▶ _Material for the task_:
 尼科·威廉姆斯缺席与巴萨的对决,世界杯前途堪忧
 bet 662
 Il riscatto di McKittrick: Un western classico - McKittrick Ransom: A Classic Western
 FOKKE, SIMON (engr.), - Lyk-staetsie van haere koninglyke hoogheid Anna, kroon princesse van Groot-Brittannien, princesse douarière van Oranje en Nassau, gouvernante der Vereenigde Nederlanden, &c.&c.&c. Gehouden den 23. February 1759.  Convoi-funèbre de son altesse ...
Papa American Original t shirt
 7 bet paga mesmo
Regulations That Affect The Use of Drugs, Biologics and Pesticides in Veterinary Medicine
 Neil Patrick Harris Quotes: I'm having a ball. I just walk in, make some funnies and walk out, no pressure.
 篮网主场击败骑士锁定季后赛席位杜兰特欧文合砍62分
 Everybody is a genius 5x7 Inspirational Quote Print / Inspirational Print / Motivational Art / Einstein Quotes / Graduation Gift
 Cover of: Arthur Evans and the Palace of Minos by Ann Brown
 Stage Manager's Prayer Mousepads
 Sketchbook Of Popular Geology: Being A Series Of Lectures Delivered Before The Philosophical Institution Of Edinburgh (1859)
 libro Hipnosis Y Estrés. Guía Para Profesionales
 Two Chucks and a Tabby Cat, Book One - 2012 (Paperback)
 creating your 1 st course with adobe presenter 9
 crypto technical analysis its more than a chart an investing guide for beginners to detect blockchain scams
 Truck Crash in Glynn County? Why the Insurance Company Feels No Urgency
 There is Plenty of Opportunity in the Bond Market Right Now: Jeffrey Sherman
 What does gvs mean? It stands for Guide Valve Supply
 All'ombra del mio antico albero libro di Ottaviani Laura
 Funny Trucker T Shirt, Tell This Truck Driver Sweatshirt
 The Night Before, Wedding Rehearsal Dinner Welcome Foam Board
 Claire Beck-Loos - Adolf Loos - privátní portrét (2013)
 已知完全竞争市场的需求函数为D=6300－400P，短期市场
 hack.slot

▶ _What this task involves_: Work through the records above and count the lines that hold the string "libro". Please give only that figure.

▶ _Reply_: 2